イエメン、ホデイダ、イスラエル軍の空爆(ロイター通信)

イエメンの親イラン武装組織フーシ派が25日、サウジアラビアの紅海沿岸にある石油関連施設を攻撃し、中東地域の緊張が一段と高まっている。攻撃対象となったのは南部ジザンとヤンブーにある石油施設で、火災が発生したと報じられている。フーシ派によるエネルギー関連施設への攻撃は、世界的な原油供給への懸念を強める要因となっている。

今回の攻撃について、フーシ派はミサイルや無人機(ドローン)を使用してサウジの石油インフラを標的にしたと主張した。特にヤンブーは紅海側に位置する主要な石油輸出拠点であり、ペルシャ湾のホルムズ海峡を経由しない輸送ルートとして重要な役割を担っている。フーシ派はサウジの石油輸送を妨害する姿勢を示しており、紅海やバブ・エル・マンデブ海峡の安全保障にも影響が及ぶ可能性がある。

この攻撃を受け、サウジ側もフーシ派拠点への報復攻撃を実施した。これにより、2022年以降維持されてきたイエメンでの停戦状態は事実上崩壊したとみられる。イエメン内戦ではサウジ率いる連合軍とフーシ派の対立が続いてきたが、近年は停戦交渉が進められていた。しかし、米国とイランの対立が激化する中で、地域紛争が拡大する可能性が高まっている。

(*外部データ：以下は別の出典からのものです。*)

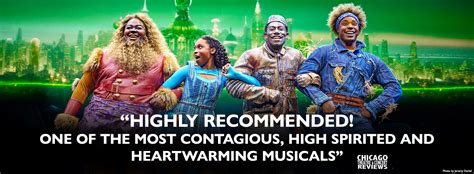 The Wiz DPAC Official Site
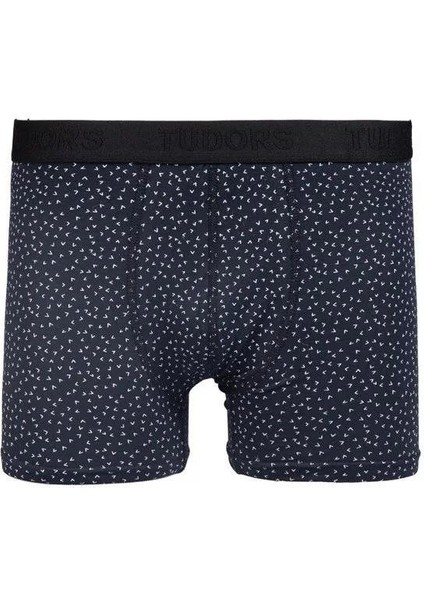 Erkek 10'lu Likralı Pamuklu Esnek Kumaş Premium Seri Boxer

一方、米国は約2週間続けてきたイランへの空爆を一時停止した。トランプ政権は停止の理由を説明していない。トランプ(Donald Trump)大統領はフーシ派によるサウジ攻撃を受け、イランとその同盟勢力に対して「強力な軍事的対応」を取る可能性を示唆しているが、外交的な解決に向けた協議も続いている。

中東での軍事的緊張は国際エネルギー市場にも波及している。フーシ派によるサウジ船舶攻撃や石油施設への脅威を受け、原油価格は上昇し、1バレル100ドルを超える水準に達した。紅海とホルムズ海峡は世界の石油輸送における要衝であり、混乱が長期化すれば燃料価格や物流コストの上昇につながる。

専門家は、今回の攻撃が単なるイエメン国内の対立(フーシ派vs亡命政府)にとどまらず、米国、イラン、湾岸諸国を巻き込む広範な地域紛争に発展する危険性を指摘している。